Every time a new multimodal model ships, someone posts that alt text is solved.
It isn't. It has been publicly not-solved for five years, and the models have gotten much better at image description in that time. The gap isn't description quality. The gap is what alt text is for.
What alt text is for
Alt text is not a caption. It is not a description. It is the text equivalent of whatever job the image was doing in its page.
- Decorative flourish: correct alt is empty (
alt=""). - Logo used as a link home: correct alt is "Home."
- Chart making a claim the surrounding text depends on: correct alt is the claim.
- Product photo where the details matter to a purchase: correct alt enumerates the details.
- Headshot above a caption naming the person: correct alt references the person, not their features.
The right alt text depends on the author's intent for the image in the page, plus the reader's task. Neither is in the pixels.
This is the irreducible problem with AI alt text. The input a multimodal model gets is the image. The right output depends on information that is, by definition, not in the image.
Where current models consistently fail
Not as a benchmark. As failure modes that are structural.
- Length. Screen readers do not want four-hundred-word descriptions. Models, asked to "describe this image," produce them. You can instruct around this, but the default is wrong, and defaults ship.
- Decorative vs. meaningful. Every decorative flourish gets described. The correct output for a decorative image is empty alt. A model cannot tell the difference without the surrounding markup, and usually not even then.

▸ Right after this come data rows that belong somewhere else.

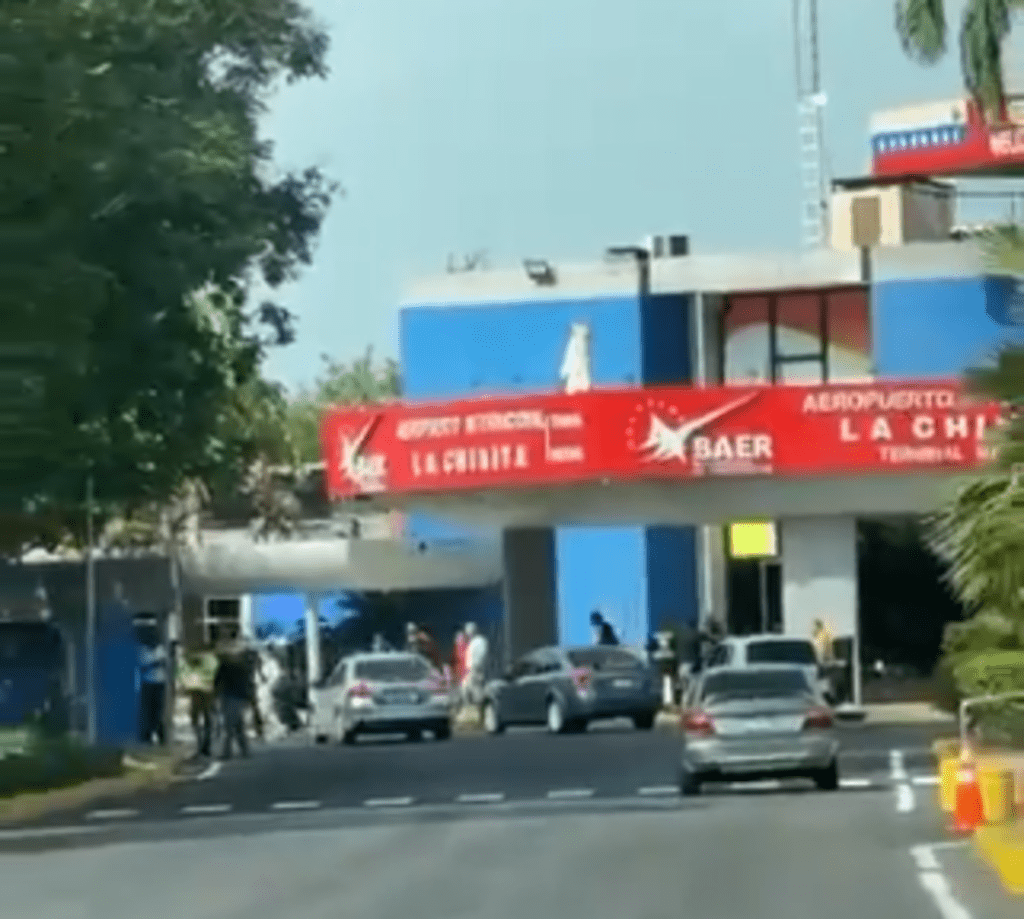 Evacúan el Aeropuerto Internacional La Chinita por explosión en un galpón de fuegos artificiales
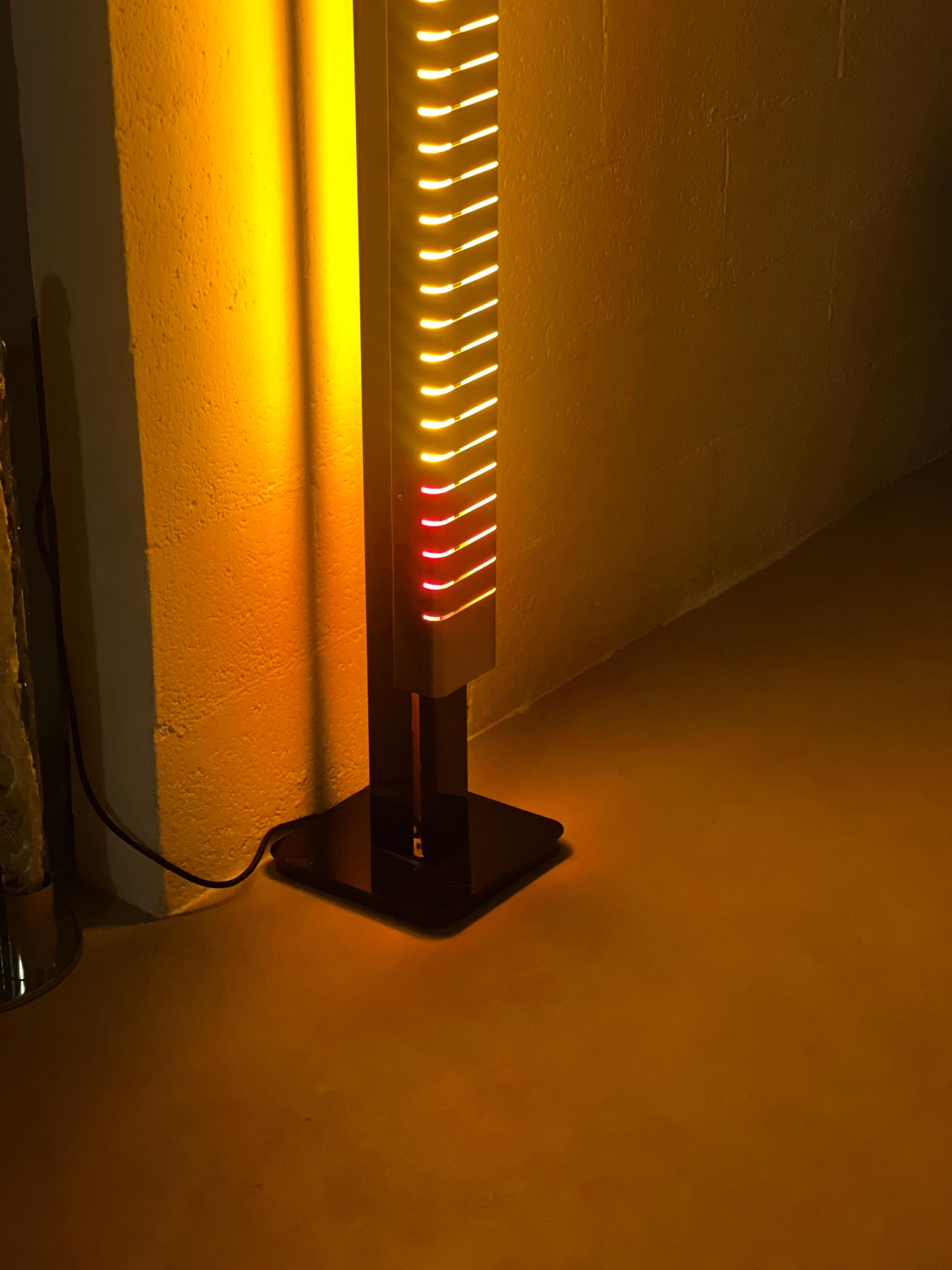 Italian Mid-Century Lamperti Floor Lamp, Sculpted in Chrome, 1960s For Sale 9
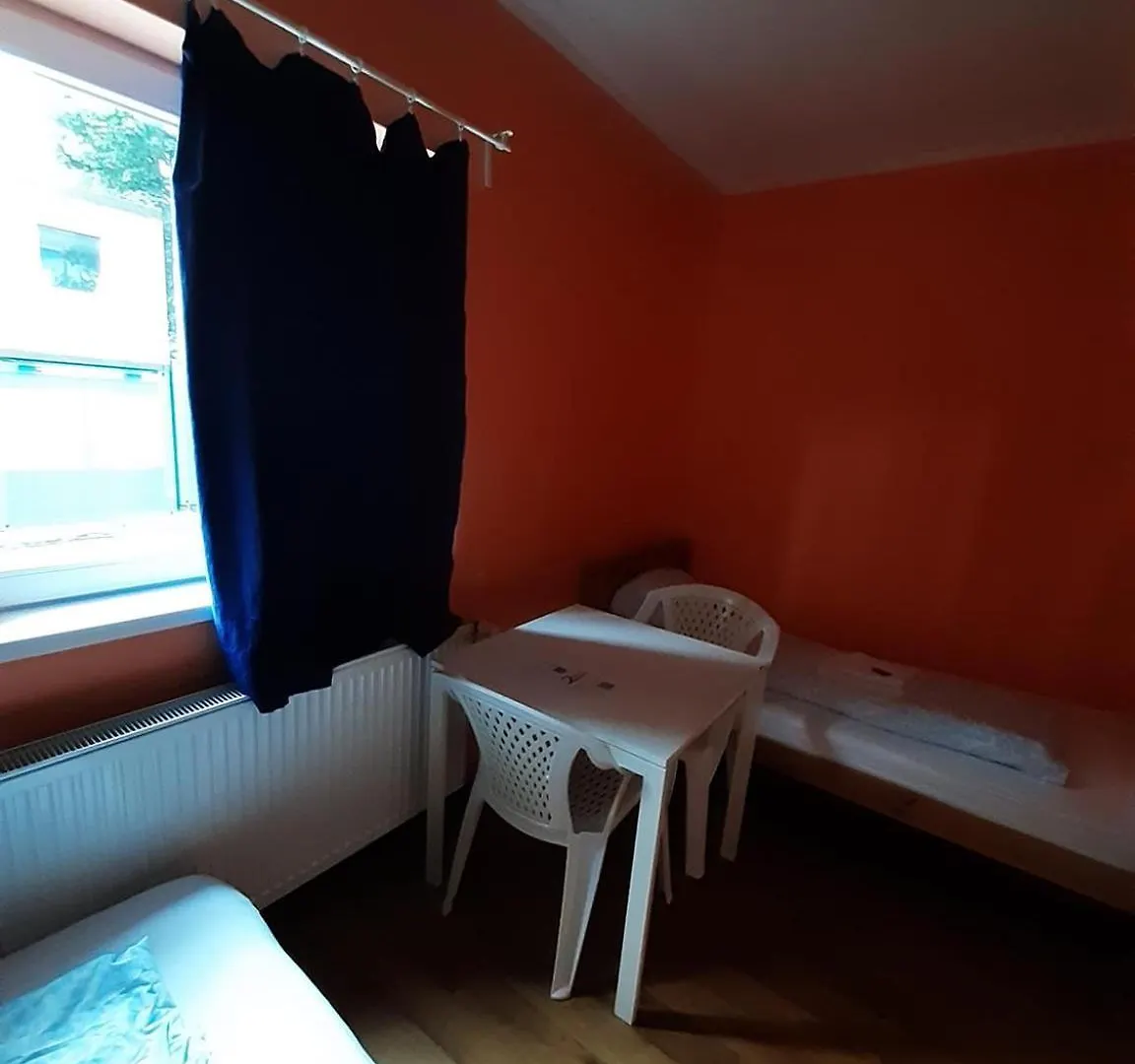 Low Budget Allach Hostel Rooms & Apartments Tub 19A München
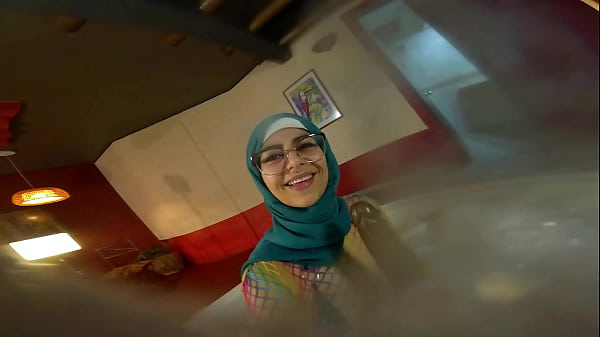 Image Pussy to Mouth in the Jacuzzi Mia Niqab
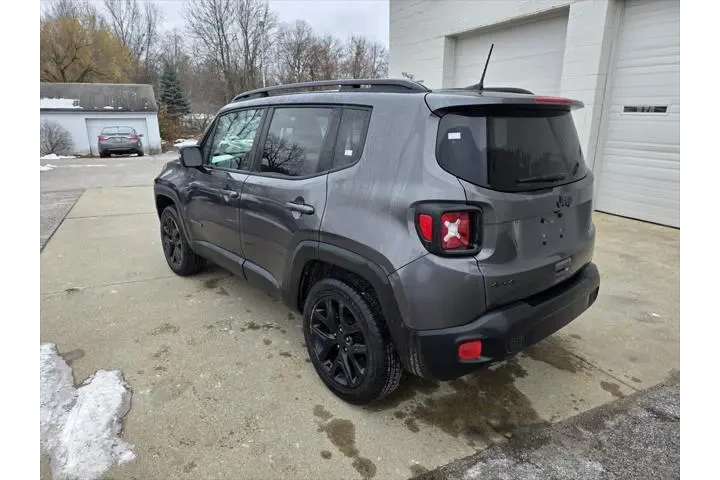 $14000 : Jeep Renegade 2018 4x4 Latit image 7
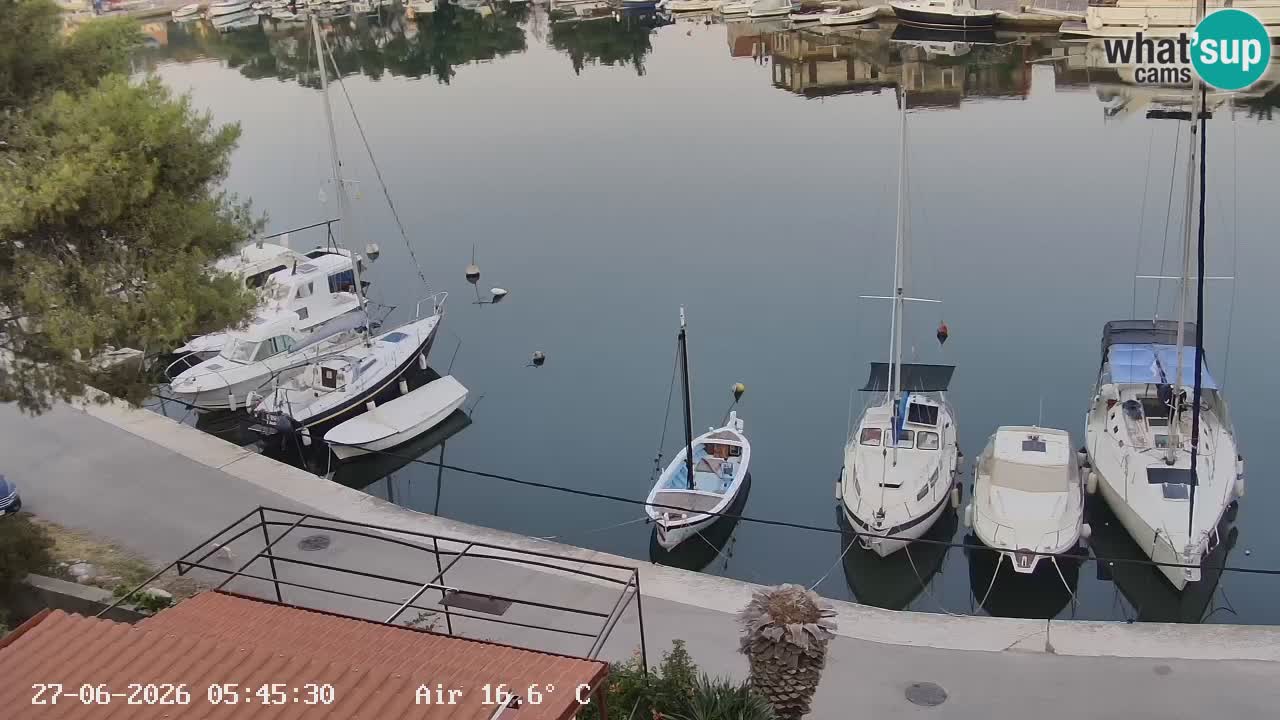 Kamera Hvar Vrboska marina | | Dalmacija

- Text in images. Often transcribed well. Sometimes hallucinated. For a sign, a diagram label, or a UI screenshot, the transcription has to be exact, and "usually correct" is not the same as correct.
- Context collapse. A headshot above a caption should reference the person by name, not their features. A chart alt should state the claim, not list the axes. Models default to description when the context calls for interpretation.
- Intent. The author chose this image to do something in this page. A model cannot recover that intent from the pixels alone.
None of these are bugs in a specific model. All five are structural consequences of the fact that correct alt text is a function of image + page + reader, and a multimodal model sees only the image.
Scaling the model fixes image understanding. It does not add the other two inputs.
Where it does help
Not useless. Specifically:
- As a fallback where the alternative is silence. Long-form content with missing alt, handled by an assistive-tech layer that injects AI-generated descriptions, is a real win. A mediocre description beats nothing.
- As a draft step. Auto-generate, then the author edits before publishing. The model does the grunt work, the human does the intent. This is the correct pipeline.
- For private use. A user asking what's in an image sent to them, for their own understanding, is well served.
These are meaningful uses and they are growing in quality. Don't confuse them with the other claim.
The claim that is wrong
That claim: shipping AI-generated alt text on a professional, authored site is accessible.
It is not. It is the appearance of accessibility, with a non-trivial error rate baked in, on behalf of the users who hit that error rate hardest. Screen reader users notice. They recognize machine-generated alt within a sentence. They notice the hallucinations when they happen, and they notice when the alt is describing a decorative image instead of being empty.
If you ship this pattern without human review, you have not shipped accessibility. You have shipped a score.
The right framing
Use AI alt text the way you use spell-check. It catches the baseline. It does not make the piece correct.
The author is not replaceable by the model. The author knows what the image is for. The model knows what the image contains. Those are different jobs, and the job that actually matters is the one the model doesn't have the inputs to do.